> [DESCRIPTION OF THE TASK]
Images should be omitted while the rest of the data is duplicated exactly.

DATA EXTRACT Block Start

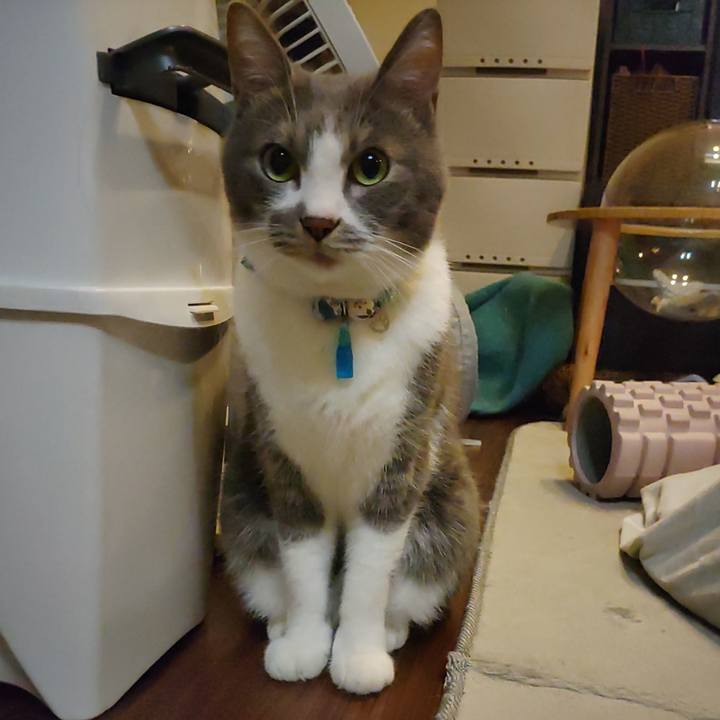 F6a9eb3d d685 499e a6db d3b2a236aa32 1669384071413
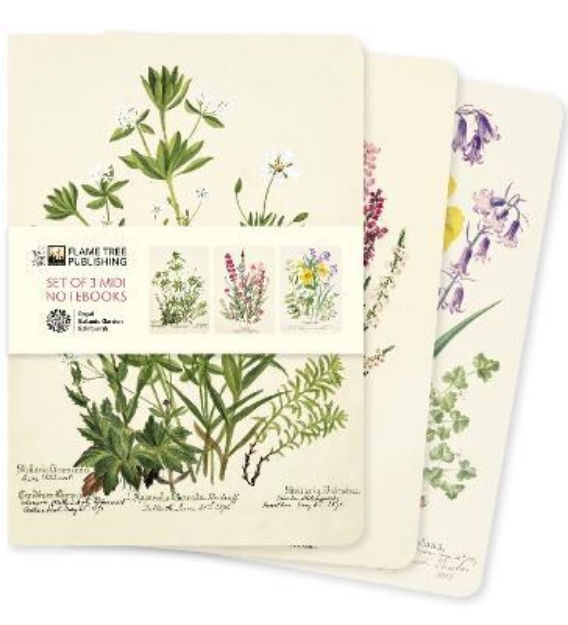 Picture of Royal Botanic Garden Edinburgh Set of 3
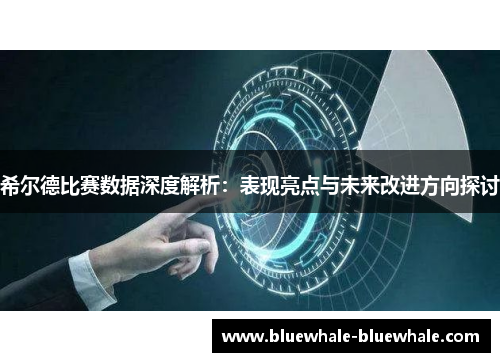 希尔德比赛数据深度解析：表现亮点与未来改进方向探讨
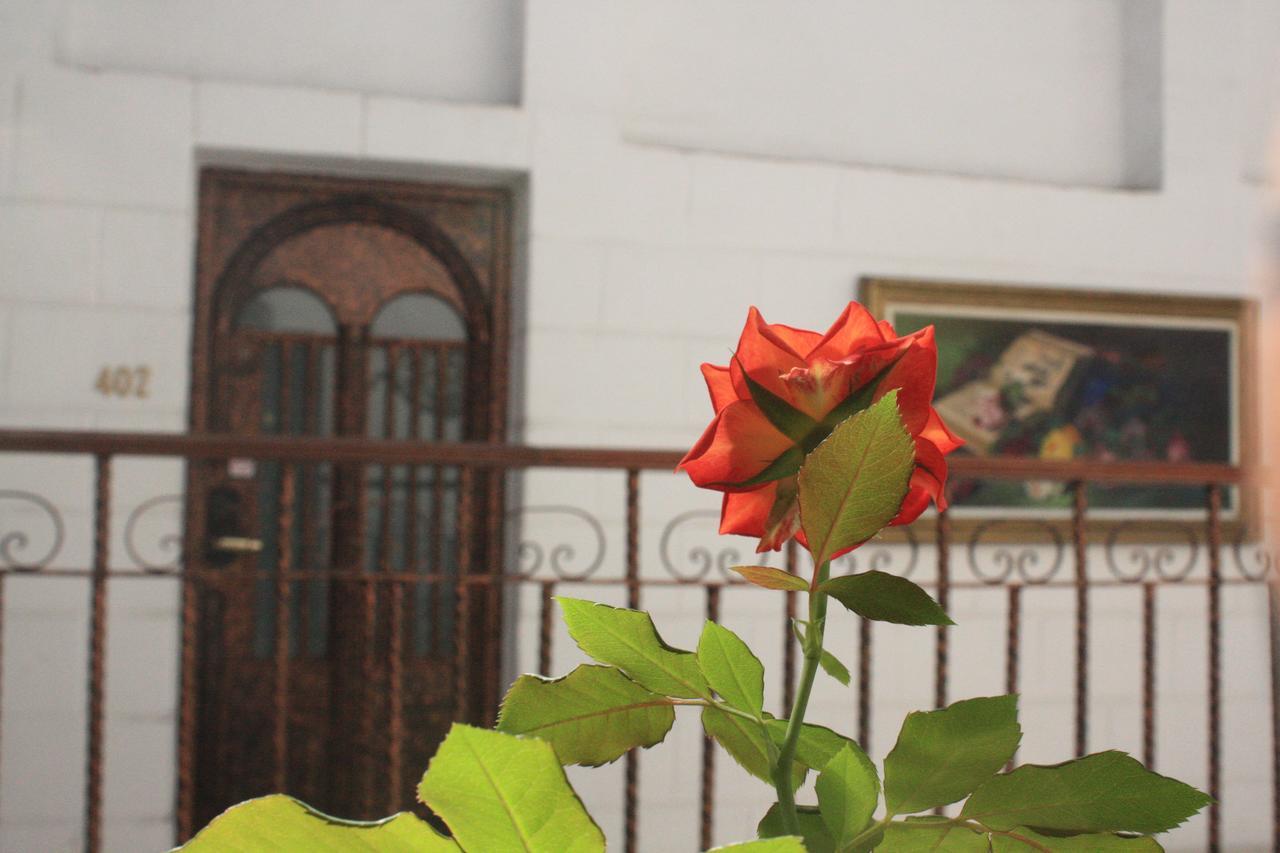 Casa De La Luna Mexico-stad Buitenkant foto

DATA EXTRACT Block End

> [EXERCISE ANSWER]
 F6a9eb3d d685 499e a6db d3b2a236aa32 1669384071413
 Picture of Royal Botanic Garden Edinburgh Set of 3
 希尔德比赛数据深度解析：表现亮点与未来改进方向探讨
 Casa De La Luna Mexico-stad Buitenkant foto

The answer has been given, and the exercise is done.